▶ [Supplied data]:
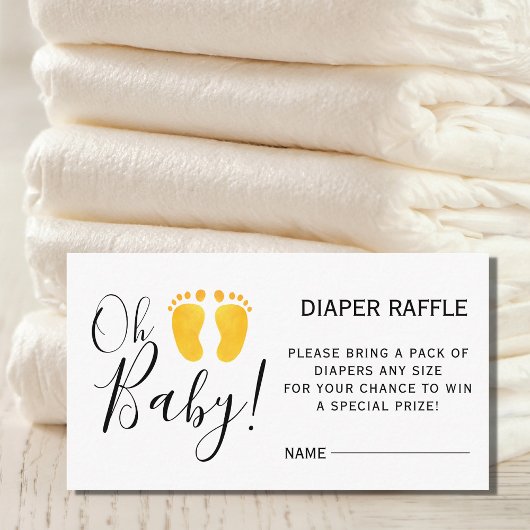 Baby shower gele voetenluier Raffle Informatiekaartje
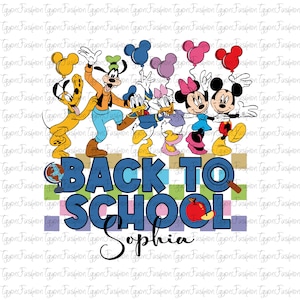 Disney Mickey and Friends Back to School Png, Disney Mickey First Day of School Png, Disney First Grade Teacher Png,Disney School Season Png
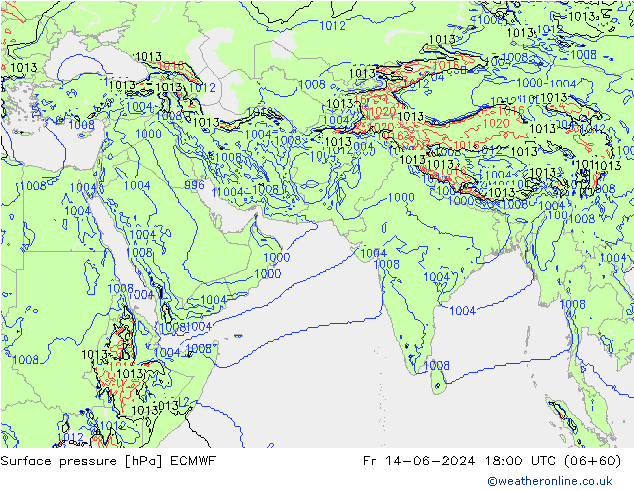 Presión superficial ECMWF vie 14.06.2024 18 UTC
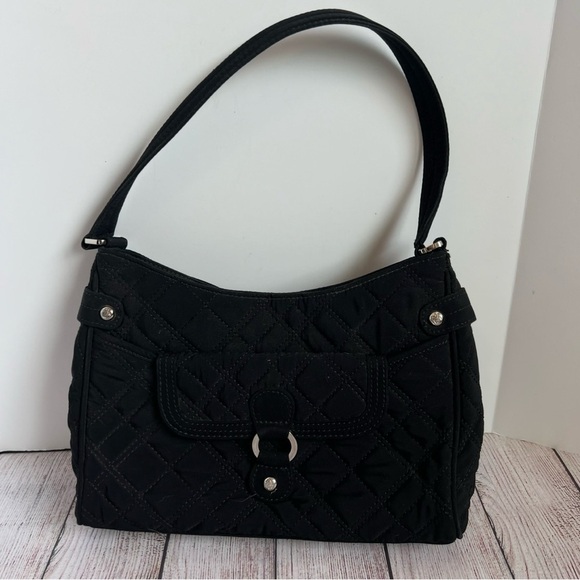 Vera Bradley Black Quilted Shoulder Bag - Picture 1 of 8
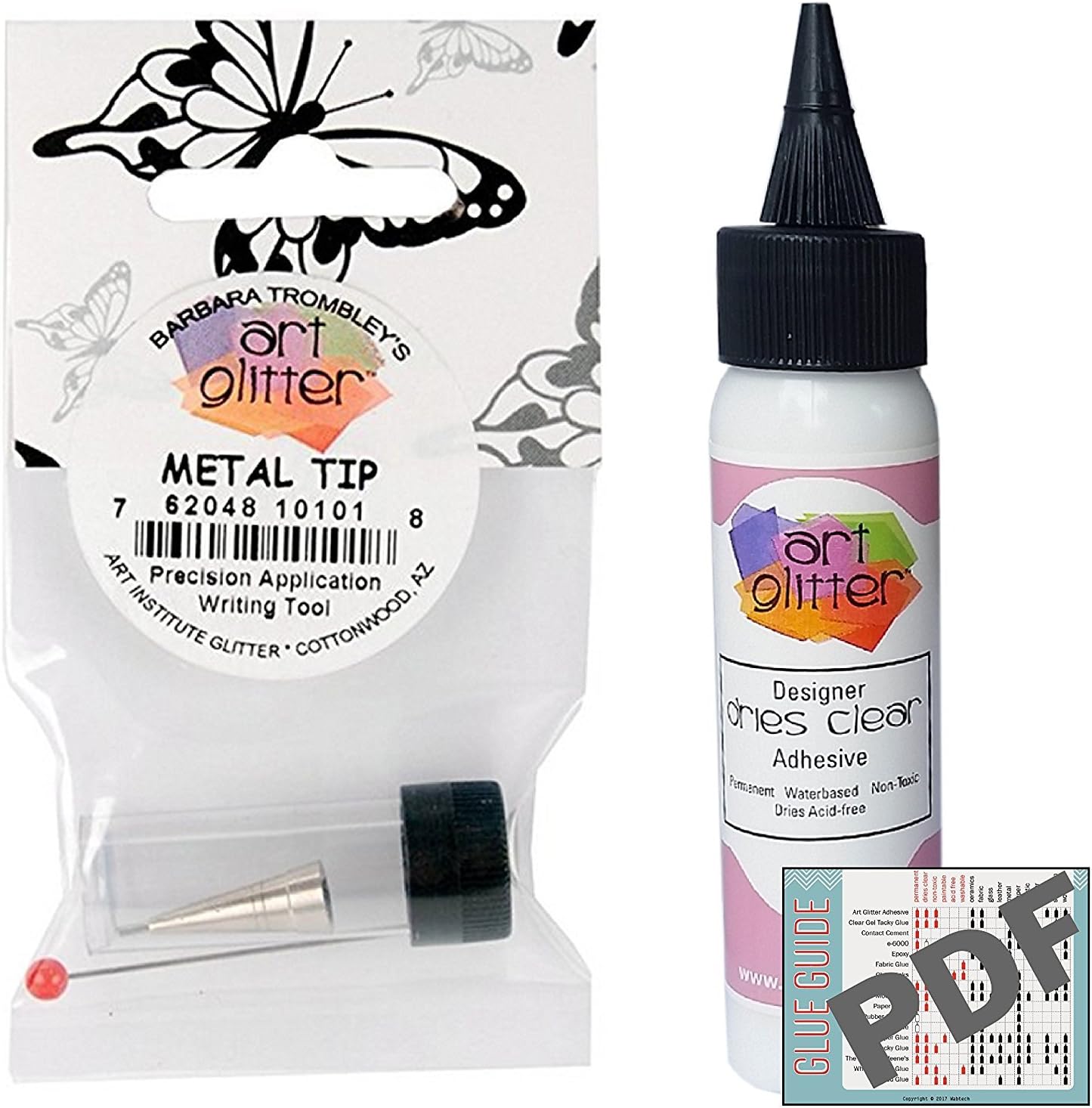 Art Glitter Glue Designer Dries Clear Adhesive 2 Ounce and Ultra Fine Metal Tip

▶ [Problem to work on]: Reproduce the data above exactly, leaving out any picture in it.

▶ [Solution to this task]:
 Baby shower gele voetenluier Raffle Informatiekaartje
 Disney Mickey and Friends Back to School Png, Disney Mickey First Day of School Png, Disney First Grade Teacher Png,Disney School Season Png
 Presión superficial ECMWF vie 14.06.2024 18 UTC
 Vera Bradley Black Quilted Shoulder Bag - Picture 1 of 8
 Art Glitter Glue Designer Dries Clear Adhesive 2 Ounce and Ultra Fine Metal Tip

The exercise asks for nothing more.